La Comisión Europea (CE) autorizó el plan de reestructuración de la deuda del Banco Agrícola de Grecia (ATE), que podrá incluir una inyección de capital de hasta 1,145 millones de euros (1,606 millones de dólares) de las arcas públicas.

Tras evaluar la operación propuesta, Bruselas consideró que 'puede permitir recuperar la rentabilidad a largo plazo' de la entidad, a la vez que no supondrá problemas para la libre competencia en el mercado europeo.

A cambio de la inyección de capital público y de otros 115 millones de euros (161 millones de dólares) de inversores privados, el quinto mayor banco griego venderá un 25%de sus activos y recortará sus gastos operativos también en un 25 por ciento.

Asimismo, deberá cambiar su gestión y evitar operaciones de alto riesgo, como las realizadas en el pasado.

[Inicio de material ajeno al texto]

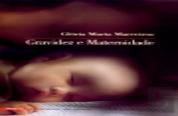 Gravidez e Maternidade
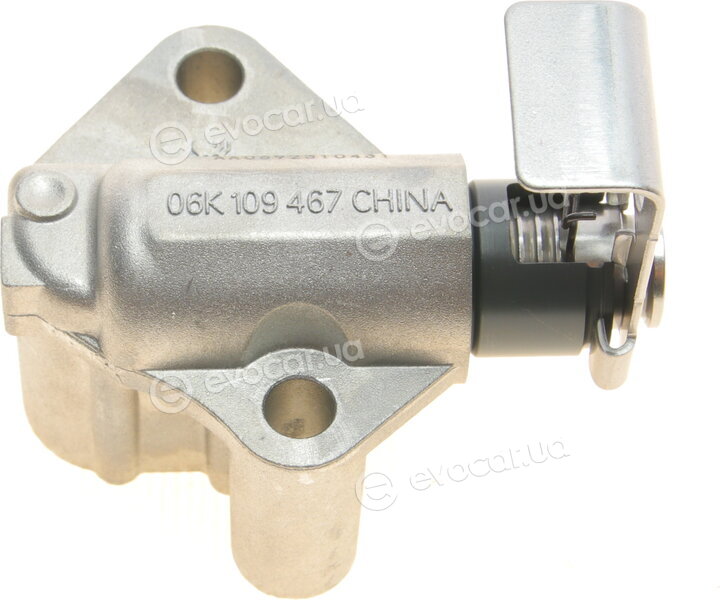 BorgWarner 06K198229B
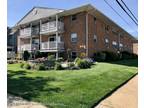 301 Sixth Ave #305, Asbury Park, NJ 07712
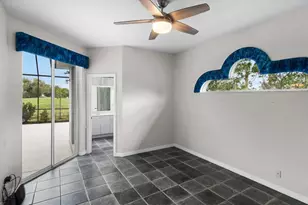 2090 Sandhill Ln, Nokomis, FL 34275 - Photo 39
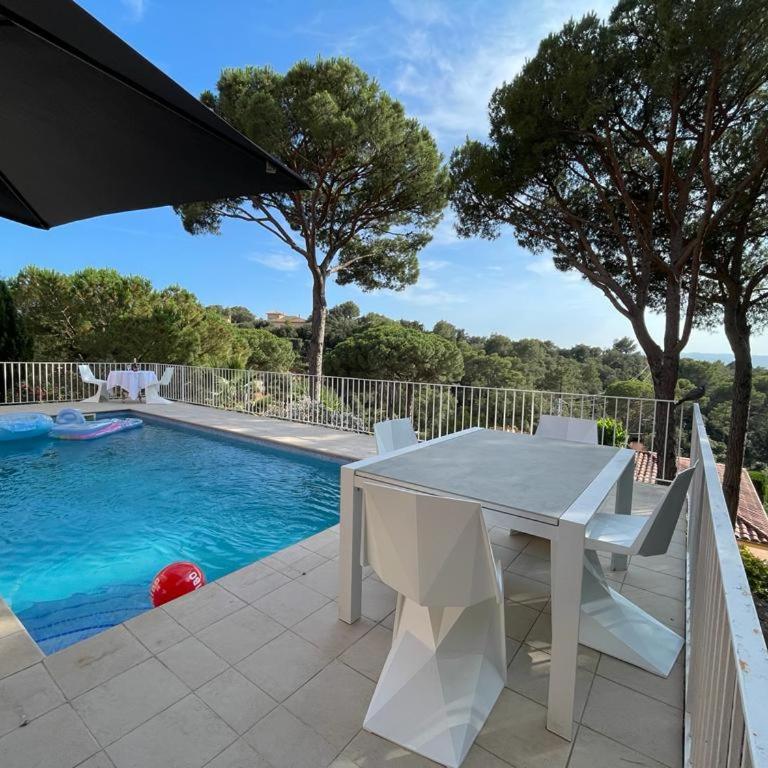 Casa Bosc (Residencial Begur) - Apartamento de 2 dormitorios - 21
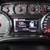 2016 Chevrolet Silverado 2500HD LTZ 12 thumbnail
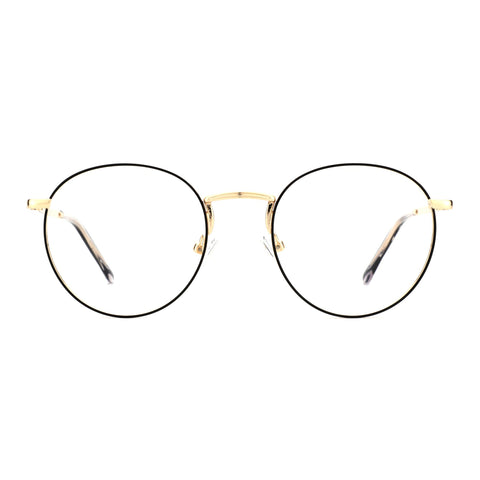 Zenottic Eyeglasses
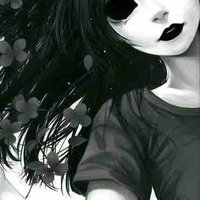 Jane The Killer😚✌️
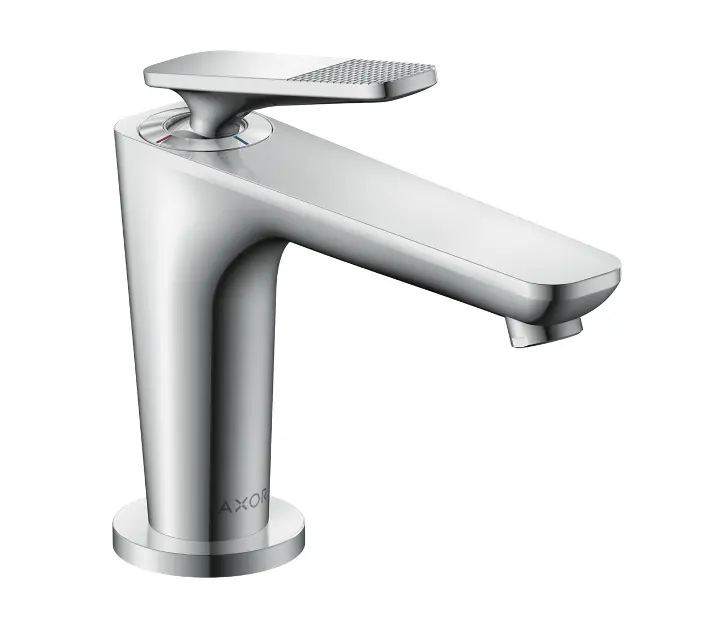 Axor - Citterio C - Mosdó csaptelep - 49021000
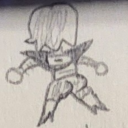 mttbrandeyeliner avatar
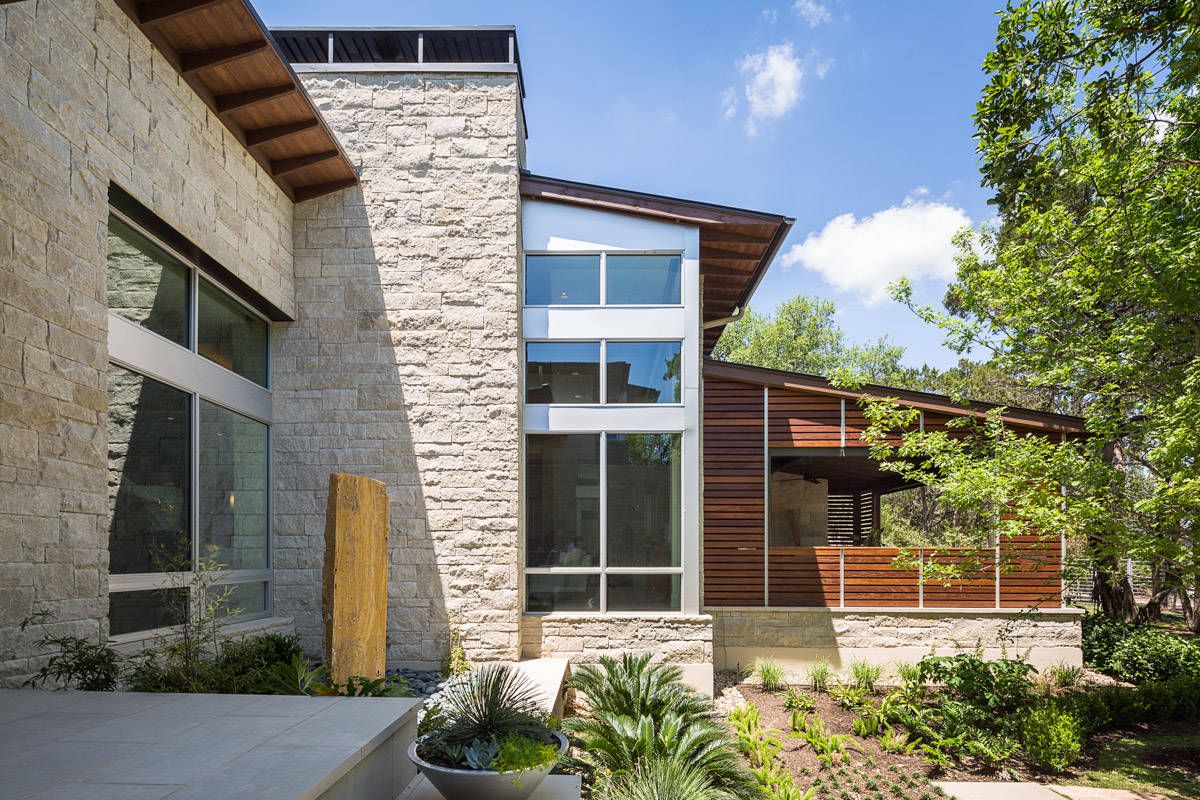 How Much Does House Siding Cost?-9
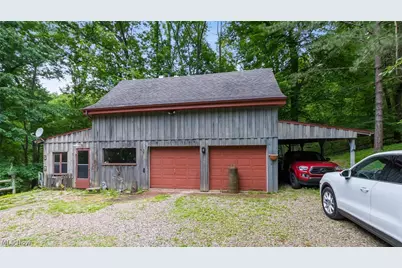 72845 Old Twenty One Road, Kimbolton, OH 43749 - Photo 47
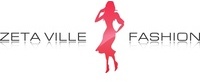 Zeta Ville Fashion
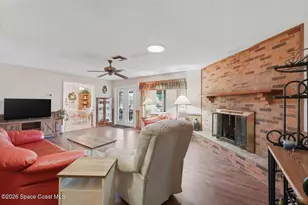 236 W Lake Ina Dr, Winter Haven, FL 33881 - Photo 37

La CE concluyó que la dificultades encontradas por ATE eran 'principalmente imputables a la mala calidad de sus activos, lo que tuvo consecuencia sobre su rentabilidad y solvencia'.

A juicio del comisario europeo de Competencia, Joaquín Almunia, el banco 'puede mejorar su viabilidad si se centra en sus actividades principales, mejora su eficiencia y se adapta a prácticas de mercado sensatas'.

Será la segunda vez que el ATE, cuyo capital sumaba unos 30,000 millones de euros (42,000 millones de dólares) en 2010, recurre a la ayuda estatal.

En 2009 la entidad ya había recibido 695 millones de euros (casi 975 millones de dólares) en fondos públicos y garantías del Estado.